It's an oddly 3D appearance that I quite like.


----------



## Izzy434 (Mar 10, 2017)

The first photo looks like maybe when the board was stacked to dry that the "stickers" or spacers that are placed between the boards, like maybe there was some from one side and some from the other side and they overlapped above your board….maybe.


----------



## kennyz11 (Mar 10, 2017)

I sent these pics to my supplier, and he told me that he had a few more walnut slabs that carried the same characteristics as mine. He agrees with most of these posts, and that this feature is both rare and desired. 
Thanks everyone for all your info!


----------



## mmwood_1 (Oct 24, 2007)

Izzy434 said:


> The first photo looks like maybe when the board was stacked to dry that the "stickers" or spacers that are placed between the boards, like maybe there was some from one side and some from the other side and they overlapped above your board….maybe.


Sticker stain, as it is called, is usually pretty easy to distinguish from natural color variations. On this particular piece, there are a couple of clues to consider. First and foremost, the color darkened streaks appear only at intersection with knots. Big clue right there. 

With stickers, I have never seen a sawyer place his stickers at such odd angles and spacings. Not impossible, but highly improbable. They are nearly always placed perpendicular to the boards, and spaced somewhat evenly down the length. 

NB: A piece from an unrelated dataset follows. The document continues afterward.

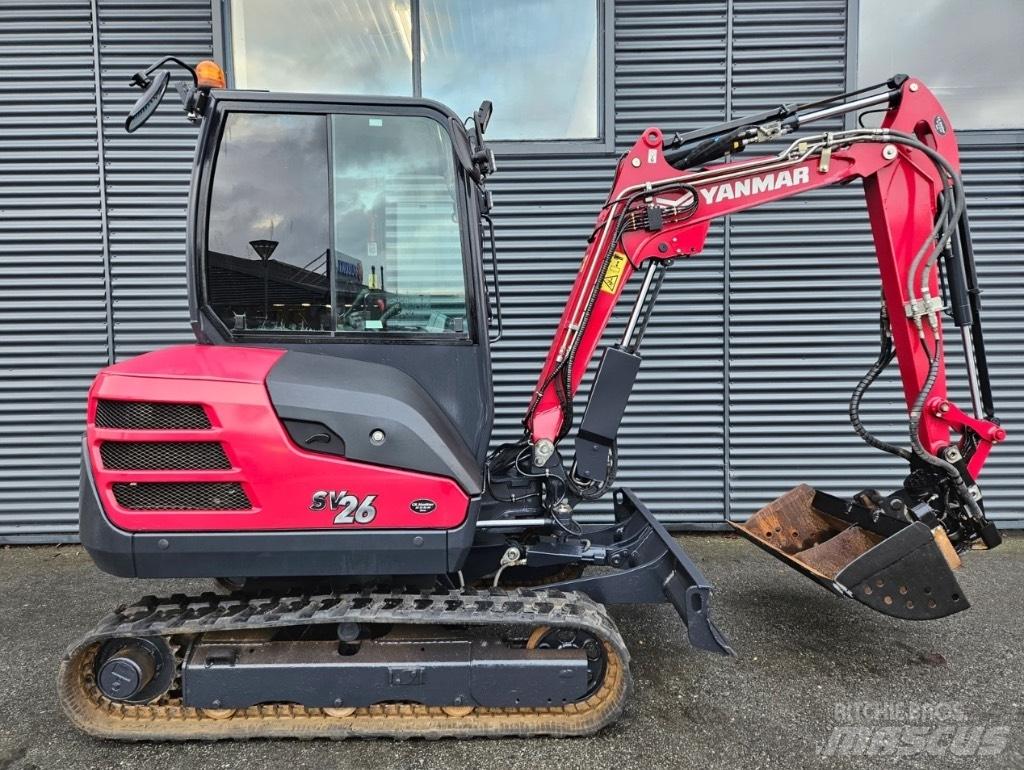 Yanmar SV 26 Mini bageri <7t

And then there is shape. I have encountered a good deal of sticker stained hardwood over the years and by and large, you can discern the shape and size of the slat of wood that had been there.


----------



## kennyz11 (Mar 10, 2017)

I considered that too, and I am glad to hear that is not the cause.
Thanks, Mark!


----------



## mmwood_1 (Oct 24, 2007)

Actually, I just looked more closely at your pictures and realized that they do not occur exclusively at knots. My apologies. Many are, but some are not. That's just my poor vision on the computer screen, but the figure in the grain was readily apparent and I did not study it closely. Oh well.


----------